▸ **Directions**:
Exclude the pictures, then copy word for word the lines running from the beginning of the records through the line with "Think Green - Plantilla".

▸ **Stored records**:
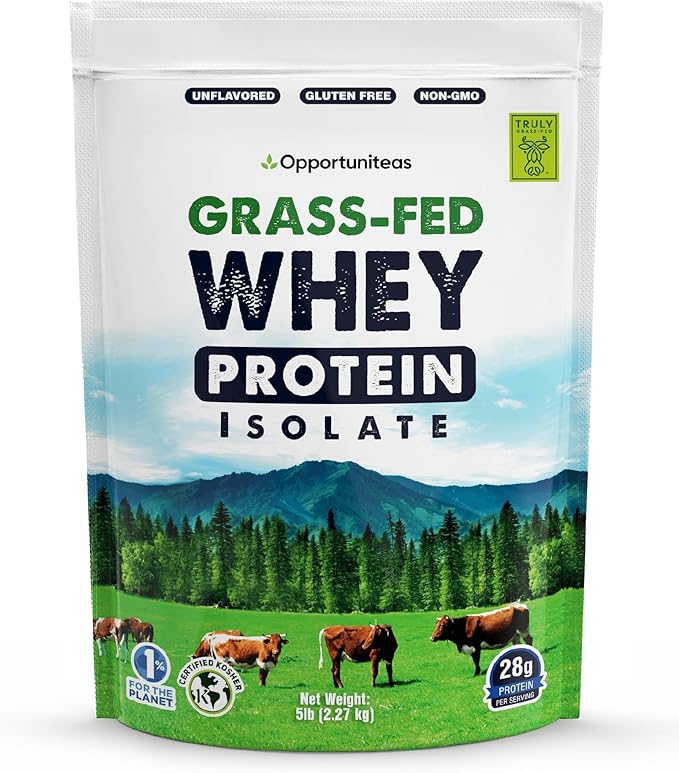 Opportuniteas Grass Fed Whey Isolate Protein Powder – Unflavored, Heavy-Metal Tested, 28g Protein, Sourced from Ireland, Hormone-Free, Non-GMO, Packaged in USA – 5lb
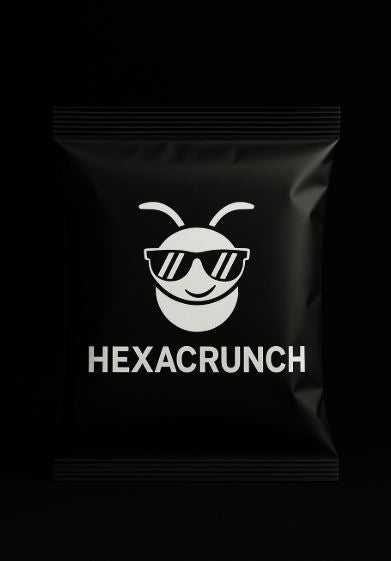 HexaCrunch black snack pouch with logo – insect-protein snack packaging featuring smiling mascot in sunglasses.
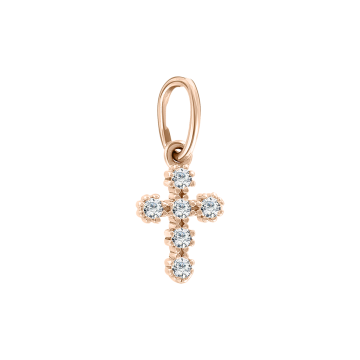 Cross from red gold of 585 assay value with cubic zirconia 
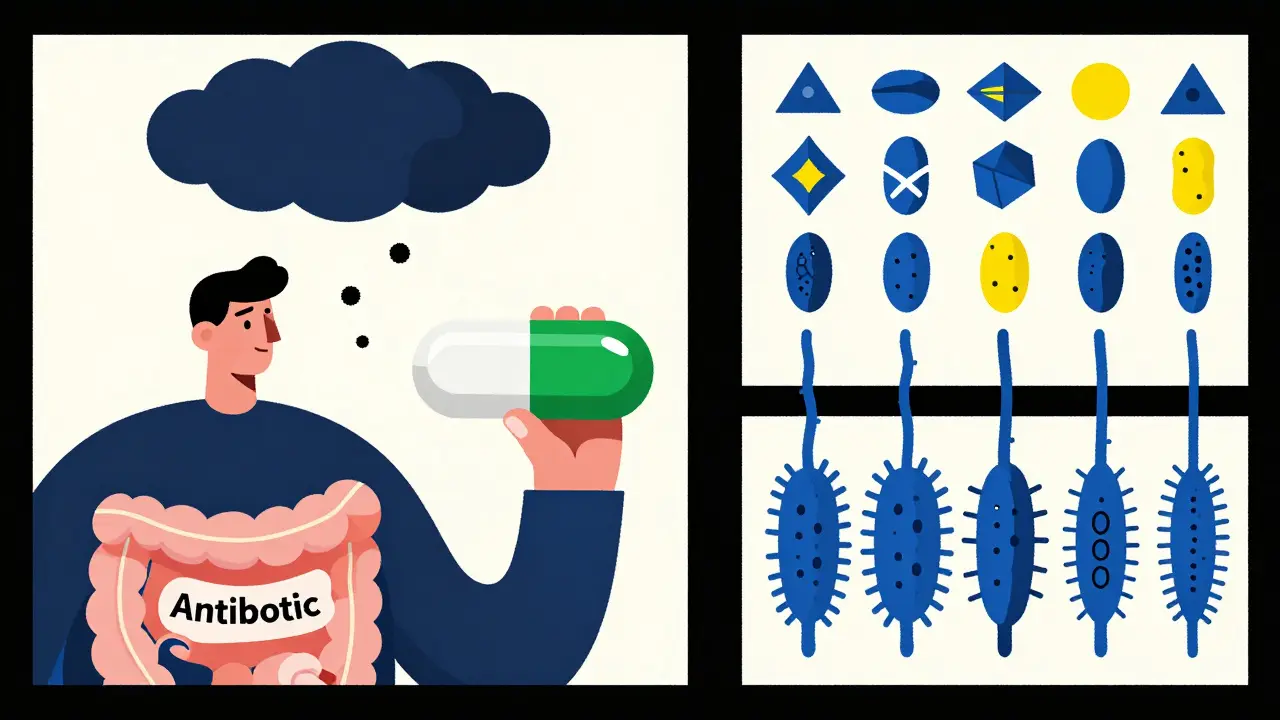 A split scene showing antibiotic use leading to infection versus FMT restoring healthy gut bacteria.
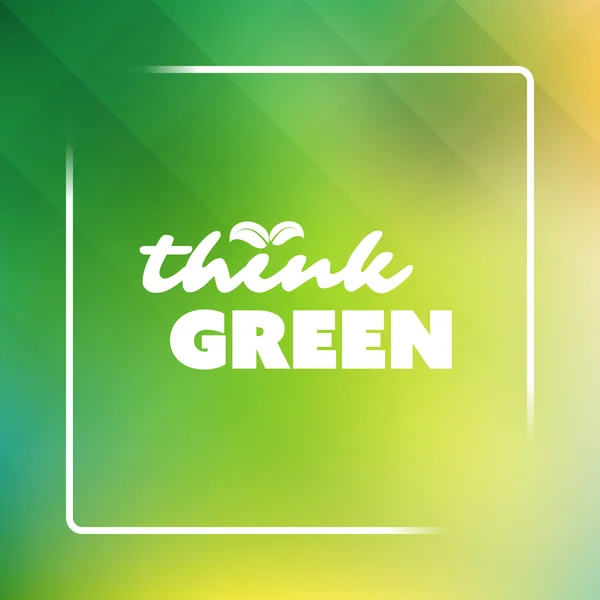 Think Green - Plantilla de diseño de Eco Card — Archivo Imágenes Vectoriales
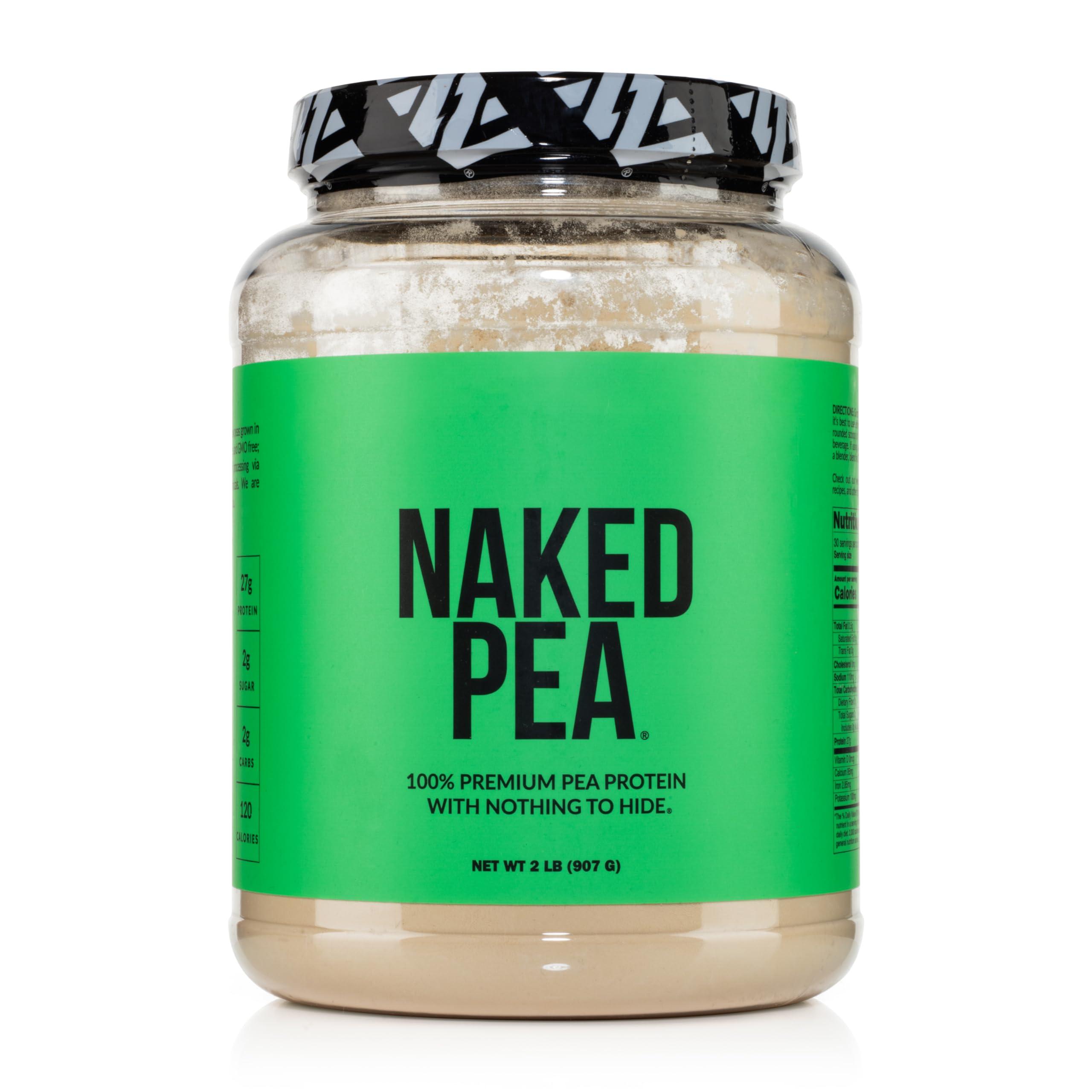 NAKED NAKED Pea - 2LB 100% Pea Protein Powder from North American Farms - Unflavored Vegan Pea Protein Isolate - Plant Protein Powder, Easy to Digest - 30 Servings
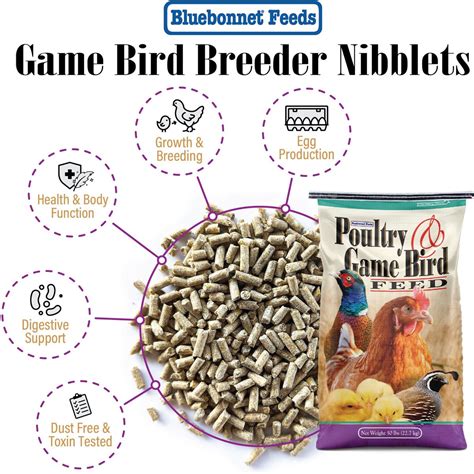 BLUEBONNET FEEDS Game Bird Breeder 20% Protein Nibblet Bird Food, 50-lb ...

▸ **Finished exercise**:
 Opportuniteas Grass Fed Whey Isolate Protein Powder – Unflavored, Heavy-Metal Tested, 28g Protein, Sourced from Ireland, Hormone-Free, Non-GMO, Packaged in USA – 5lb
 HexaCrunch black snack pouch with logo – insect-protein snack packaging featuring smiling mascot in sunglasses.
 Cross from red gold of 585 assay value with cubic zirconia 
 A split scene showing antibiotic use leading to infection versus FMT restoring healthy gut bacteria.
 Think Green - Plantilla de diseño de Eco Card — Archivo Imágenes Vectoriales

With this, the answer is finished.